Segment Start: Task material

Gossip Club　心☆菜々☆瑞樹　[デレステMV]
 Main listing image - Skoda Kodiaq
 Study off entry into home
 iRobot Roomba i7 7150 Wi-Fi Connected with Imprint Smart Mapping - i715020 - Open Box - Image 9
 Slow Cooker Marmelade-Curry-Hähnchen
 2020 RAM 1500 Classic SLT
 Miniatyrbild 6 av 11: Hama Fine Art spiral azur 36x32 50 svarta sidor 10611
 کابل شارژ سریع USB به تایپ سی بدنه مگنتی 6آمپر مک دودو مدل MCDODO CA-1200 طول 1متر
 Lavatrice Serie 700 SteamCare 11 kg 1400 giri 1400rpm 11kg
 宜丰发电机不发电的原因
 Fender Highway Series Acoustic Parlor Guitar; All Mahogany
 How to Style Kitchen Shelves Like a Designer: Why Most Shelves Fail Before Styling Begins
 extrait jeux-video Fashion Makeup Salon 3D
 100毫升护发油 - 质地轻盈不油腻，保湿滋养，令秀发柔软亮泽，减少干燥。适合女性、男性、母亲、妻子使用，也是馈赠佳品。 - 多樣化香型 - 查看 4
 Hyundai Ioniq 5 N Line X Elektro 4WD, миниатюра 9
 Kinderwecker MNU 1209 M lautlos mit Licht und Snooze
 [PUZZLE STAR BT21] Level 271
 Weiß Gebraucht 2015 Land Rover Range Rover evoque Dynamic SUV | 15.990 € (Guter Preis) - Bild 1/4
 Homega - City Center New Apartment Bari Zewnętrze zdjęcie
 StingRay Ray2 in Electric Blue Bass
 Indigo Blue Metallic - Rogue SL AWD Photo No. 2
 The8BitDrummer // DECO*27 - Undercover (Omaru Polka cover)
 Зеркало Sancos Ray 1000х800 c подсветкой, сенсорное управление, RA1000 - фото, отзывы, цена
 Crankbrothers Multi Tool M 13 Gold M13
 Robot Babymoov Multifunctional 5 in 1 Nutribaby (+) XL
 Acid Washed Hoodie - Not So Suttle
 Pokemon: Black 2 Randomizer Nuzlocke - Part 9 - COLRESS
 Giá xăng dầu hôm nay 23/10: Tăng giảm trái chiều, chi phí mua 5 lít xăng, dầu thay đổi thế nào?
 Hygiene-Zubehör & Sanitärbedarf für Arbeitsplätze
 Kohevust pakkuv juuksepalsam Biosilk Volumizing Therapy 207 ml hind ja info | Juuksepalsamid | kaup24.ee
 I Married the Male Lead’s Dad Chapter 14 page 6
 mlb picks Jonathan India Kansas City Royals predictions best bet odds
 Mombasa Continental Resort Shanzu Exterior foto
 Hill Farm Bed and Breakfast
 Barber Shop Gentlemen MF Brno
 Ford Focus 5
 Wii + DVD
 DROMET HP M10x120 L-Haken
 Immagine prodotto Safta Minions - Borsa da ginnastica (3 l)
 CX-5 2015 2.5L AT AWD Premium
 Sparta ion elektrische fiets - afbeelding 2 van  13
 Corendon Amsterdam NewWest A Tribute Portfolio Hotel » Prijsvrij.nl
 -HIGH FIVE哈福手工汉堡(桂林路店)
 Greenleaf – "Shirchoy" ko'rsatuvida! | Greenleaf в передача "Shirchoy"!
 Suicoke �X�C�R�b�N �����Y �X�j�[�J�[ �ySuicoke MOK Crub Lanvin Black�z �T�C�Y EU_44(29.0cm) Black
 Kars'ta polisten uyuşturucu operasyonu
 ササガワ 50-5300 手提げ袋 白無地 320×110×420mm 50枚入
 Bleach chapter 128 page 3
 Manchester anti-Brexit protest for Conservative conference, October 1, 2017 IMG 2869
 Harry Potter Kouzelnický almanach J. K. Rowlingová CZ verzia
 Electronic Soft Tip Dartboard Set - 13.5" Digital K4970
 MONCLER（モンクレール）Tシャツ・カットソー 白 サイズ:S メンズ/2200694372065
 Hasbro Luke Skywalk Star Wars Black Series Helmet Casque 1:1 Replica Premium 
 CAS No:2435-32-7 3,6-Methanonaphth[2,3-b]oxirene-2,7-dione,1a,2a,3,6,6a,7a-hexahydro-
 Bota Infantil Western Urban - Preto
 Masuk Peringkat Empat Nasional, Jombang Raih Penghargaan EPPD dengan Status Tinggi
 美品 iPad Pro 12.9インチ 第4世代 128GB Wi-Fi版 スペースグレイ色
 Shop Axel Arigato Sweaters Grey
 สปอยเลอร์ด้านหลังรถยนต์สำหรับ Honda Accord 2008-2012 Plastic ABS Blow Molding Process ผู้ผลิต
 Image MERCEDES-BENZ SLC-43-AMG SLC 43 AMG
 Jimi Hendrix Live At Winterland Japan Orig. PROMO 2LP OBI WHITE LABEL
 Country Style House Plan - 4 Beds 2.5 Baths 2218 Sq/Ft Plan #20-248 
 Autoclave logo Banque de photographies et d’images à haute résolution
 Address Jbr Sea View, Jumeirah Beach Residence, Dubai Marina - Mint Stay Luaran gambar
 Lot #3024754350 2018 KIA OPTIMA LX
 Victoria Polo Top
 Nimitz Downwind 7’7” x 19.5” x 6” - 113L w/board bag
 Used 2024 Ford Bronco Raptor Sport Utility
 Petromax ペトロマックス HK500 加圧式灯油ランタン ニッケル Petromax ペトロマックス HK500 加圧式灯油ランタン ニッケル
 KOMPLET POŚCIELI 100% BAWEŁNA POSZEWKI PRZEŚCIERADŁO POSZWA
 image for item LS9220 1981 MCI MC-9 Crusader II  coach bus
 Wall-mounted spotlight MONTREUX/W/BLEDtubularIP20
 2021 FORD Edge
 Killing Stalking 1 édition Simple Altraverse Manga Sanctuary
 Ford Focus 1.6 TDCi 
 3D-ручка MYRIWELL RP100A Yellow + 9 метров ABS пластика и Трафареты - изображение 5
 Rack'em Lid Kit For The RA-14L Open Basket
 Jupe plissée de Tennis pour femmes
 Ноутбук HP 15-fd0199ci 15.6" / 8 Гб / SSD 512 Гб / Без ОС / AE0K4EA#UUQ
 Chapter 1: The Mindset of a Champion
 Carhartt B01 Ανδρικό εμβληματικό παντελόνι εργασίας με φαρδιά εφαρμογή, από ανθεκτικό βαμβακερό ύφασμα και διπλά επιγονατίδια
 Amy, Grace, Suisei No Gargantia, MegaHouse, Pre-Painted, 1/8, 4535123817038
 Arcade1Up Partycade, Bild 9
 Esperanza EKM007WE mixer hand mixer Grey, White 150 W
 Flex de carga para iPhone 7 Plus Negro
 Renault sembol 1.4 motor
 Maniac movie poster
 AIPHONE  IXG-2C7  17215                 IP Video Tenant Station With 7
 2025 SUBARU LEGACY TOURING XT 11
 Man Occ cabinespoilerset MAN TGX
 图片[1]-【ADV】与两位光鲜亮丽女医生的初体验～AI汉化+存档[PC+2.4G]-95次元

Segment End: Task material

* **Task item**
Which lines run from the one holding "Chapter 1: The Mindset of a Champion" through the one holding "Renault sembol 1.4 motor" in the records above? Repeat them exactly, both included, and nothing more.

* **Output below**
 Chapter 1: The Mindset of a Champion
 Carhartt B01 Ανδρικό εμβληματικό παντελόνι εργασίας με φαρδιά εφαρμογή, από ανθεκτικό βαμβακερό ύφασμα και διπλά επιγονατίδια
 Amy, Grace, Suisei No Gargantia, MegaHouse, Pre-Painted, 1/8, 4535123817038
 Arcade1Up Partycade, Bild 9
 Esperanza EKM007WE mixer hand mixer Grey, White 150 W
 Flex de carga para iPhone 7 Plus Negro
 Renault sembol 1.4 motor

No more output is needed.